My time in Lima was full of all sorts of interesting new facts and information. While it was just a quick stay, our guide, Omar did a great job teaching us about Peruvian culture and kept us laughing too. At one point while he was talking in the front of the bus he fell almost into the drivers lap. "Sometimes it happens," he replied and barely missed a beat in his talk about all of the varieties of potatoes found throughout Peru. Since I am on the topic of potatoes, there are over 3,000 varieties! Who knew? Also fascinating was that there are over 300 different types of corn. I was able to sample a couple while I was there including the purple kind that makes a lovely drink called chicha morada.
Culturally, there is a quite a diverse mix of people who live in Lima. Mestizo, or mixed race people make up the majority of the population here. There is also a large population of Chinese immigrants who have had a significant influence on the cuisine. Chifa, a Chinese/Peruvian restaurant is commonplace along the city streets. The influence is so strong in fact that there is no Chinatown because there is a complete integration into the culture.
The rest of the day was full of a trip to a history museum, the St. Francis Museum/ Church, and the Convento de San Francisco. And this was all before lunch! The history museum was like most museums full of artifacts like pottery telling the stories of a civilization long extinct. Omar's stories helped paint a picture of what the Incas were like and how advanced their society was. More on all of that in the Cuzco post. The church, which didn't allow pictures, was eerily beautiful. The ceiling was a series of wood carvings that fit together like a puzzle. The center courtyard was a rose garden with tiled columns all around the outside. Frescoes lined the upper walls while white mosaic spanish-style tiles line the mid and bottom parts. As I walked through admiring the architecture, the smell of sautéing garlic filled the air. I then walked through a couple of rooms past an alley way painted red with red pots lining the walkway.

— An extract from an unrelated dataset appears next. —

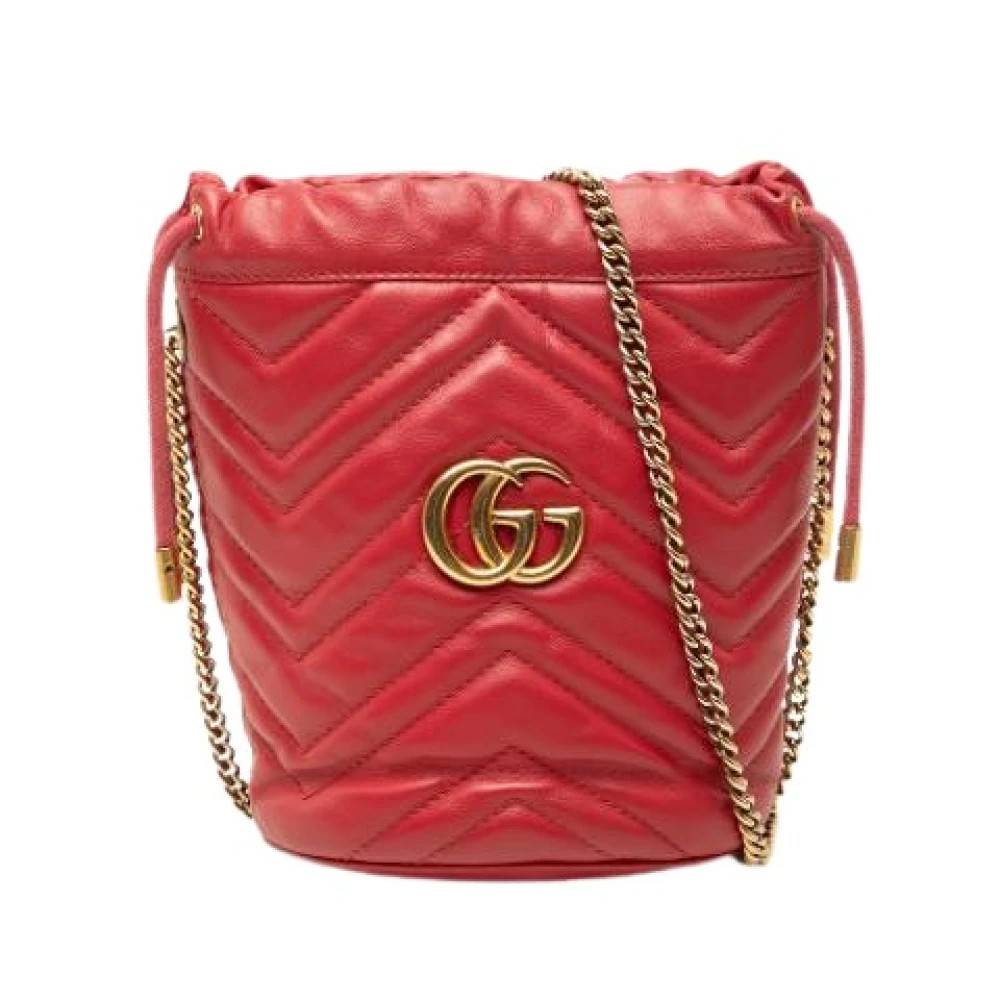 Gucci Vintage Pre-owned Quilted Bucket Bag - Vintage - Dame - Rød - ONE SIZE - Uld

I then wandered into a room lined with gilded icons of saints. Each one had a story, and it made me wish I had paid more attention in my religious eduction classes as a child.
The most disturbing but fascinating part of the day was the walk through the catacombs. Again, no photos were allowed, so I'll do my best to illuminate the experience. Into the underground crypts I went ducking my head so as not to smack my forehead on the very low ceilings. The light was minimal, and the smell was appropriately musty with a hint of death. Around each corner was a different display of various bones. I came to find out that approximately 25,000 people had been buried here. I use the term buried very loosely though because there are just piles and piles of bones just out in the open. They are just grave-like holes full of leg bones. How this is a tourist attraction or "decoration" as it was called; I'm not sure. Walking through more creepy low tunnels past empty candelabras I came upon an image that will stay with me for a very long time. There were skulls arranged in concentric circles connected by femur bones. It looked like something out of a medieval secret society meeting.
The rest of the day involved lunch at a seaside mall called Larcomar in Miraflores which was just a couple short minutes from our hotel. Later on we headed over to JFK park to see all of the stray cats that just hang out there. Apparently it was the place to take a cat that was no longer wanted. There were so many cats just lounging in flower beds and chasing each other around. I had never seen anything like it before. Walking around the city at night was peaceful and beautiful, but I definitely recommend walking with a group. There is so much more to see and do in Lima, but for one day I truly felt like I was beginning to understand what a special country Peru is.